Suggestion for data sets with missing data

Question

Suggestion for data sets with missing data

Irazall opened this issue 3 years ago · comments

Chris-Gabriel Islam commented 3 years ago

Dear developers,

First, thanks for this great packages. I am using it for my Phd-Thesis. Now, I found something very counterintuitive and suggest to change this. This "bug" occurred while doing a logistic regression with missing data. My McFadden-R^2 fell and it took me a while to figure out why. So, I attach you a reproducible example. There you can see that the R^2 is different if you plug in a model with a data set with missings and if you do not.
This is counterintuitive because the glm-function does not distinguish between these two data sets as it deletes already all observations with missing data. So the McFadden-R^2 should not change neither. Mathematically this is because the calculation of observations with missing data is different between the full model and the empty model. So, I suggest to use the function complete.cases before calculating the loglikehood for the two models in order to be more intuitive.
Let me know what you think about this suggestion. Thank you in advance!

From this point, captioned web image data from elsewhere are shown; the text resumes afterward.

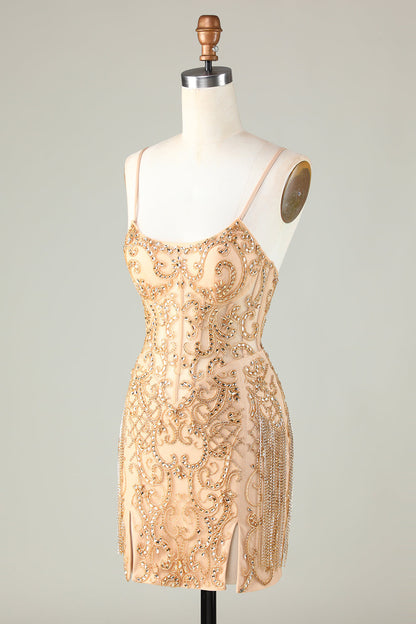 Spaghetti Straps Golden Tight Homecoming Dress with Beading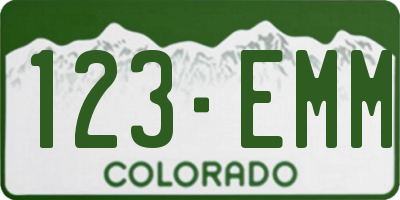 CO license plate 123EMM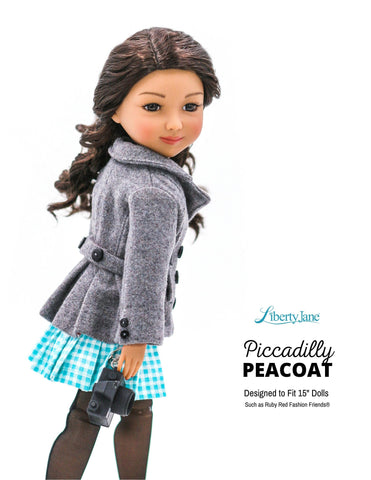 Liberty Jane Ruby Red Fashion Friends Piccadilly Peacoat Pattern for 15" Ruby Red Fashion Friends Dolls larougetdelisle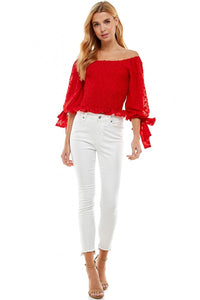 Off The Shoulder Bubble Sleeve Top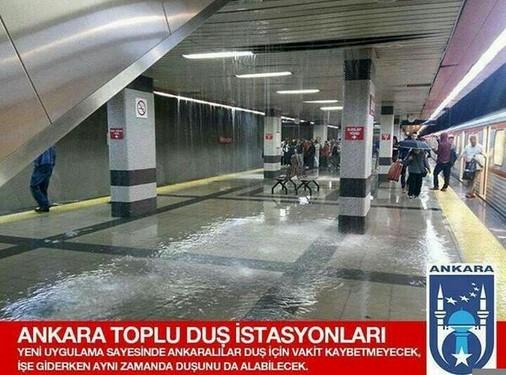 Ankara'da metroyu su bastı İZLE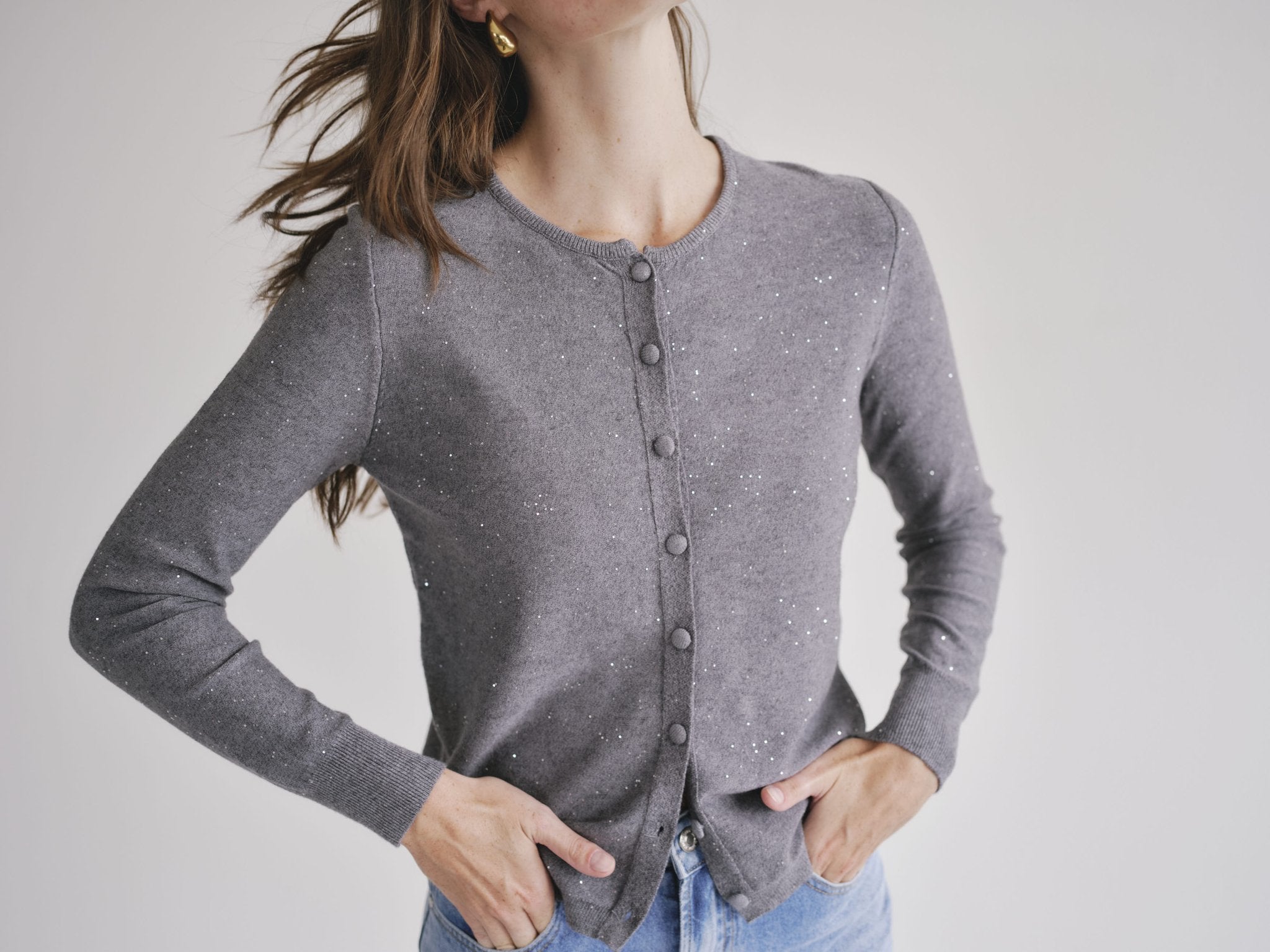 View our Sparkle Lurex Cardigan in Grey - by Tribute Store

Find below my reproducible example. I hope this is correctly done as I am new to reprex

# Delete environment
rm(list = ls())

# Package names
packages <- c("ISLR", "blorr")

# Install packages not yet installed
installed_packages <- packages %in% rownames(installed.packages())
if (any(installed_packages == FALSE)) {
  install.packages(packages[!installed_packages])
}

# Packages loading
invisible(lapply(packages, library, character.only = TRUE))

# set seed for reproducibility
set.seed(176)

# remove columns not needed for regression
dataset <- subset(Smarket, select = -c(Year, Today))

# define function that creates NAs and execute it
createNAs <- function (x, pctNA = 0.1) {
  n <- nrow(x)
  p <- ncol(x)
  NAloc <- rep(FALSE, n * p)
  NAloc[sample.int(n * p, floor(n * p * pctNA))] <- TRUE
  x[matrix(NAloc, nrow = n, ncol = p)] <- NA
  return(x)
}
dataset <- createNAs(dataset, 0.1)

# do first regression without complete cases
glm.fit1 <- glm(Direction ~ Lag1 + Lag2 + Lag3 + Lag4 + Lag5 + Volume, data = dataset, family = binomial)
blr_rsq_mcfadden(glm.fit1)
#> [1] 0.4616006

# do second regression with complete cases
dataset <- dataset[complete.cases(dataset),]
glm.fit2 <- glm(Direction ~ Lag1 + Lag2 + Lag3 + Lag4 + Lag5 + Volume, data = dataset, family = binomial)
blr_rsq_mcfadden(glm.fit2)
#> [1] 0.003519264

# NOTE THAT THERE IS A DIFFERENCE BETWEEN THE TWO MC FADDEN R^2!

Aravind Hebbali · Answer 1 · Tue Jun 01 2021 11:51:34 GMT+0800 (China Standard Time)

Hi @Irazall

Thank you very much for bringing this to our attention. Based on your suggestion, we have decided to review blorr API using data sets with missing data and fix the bugs that arise subsequently.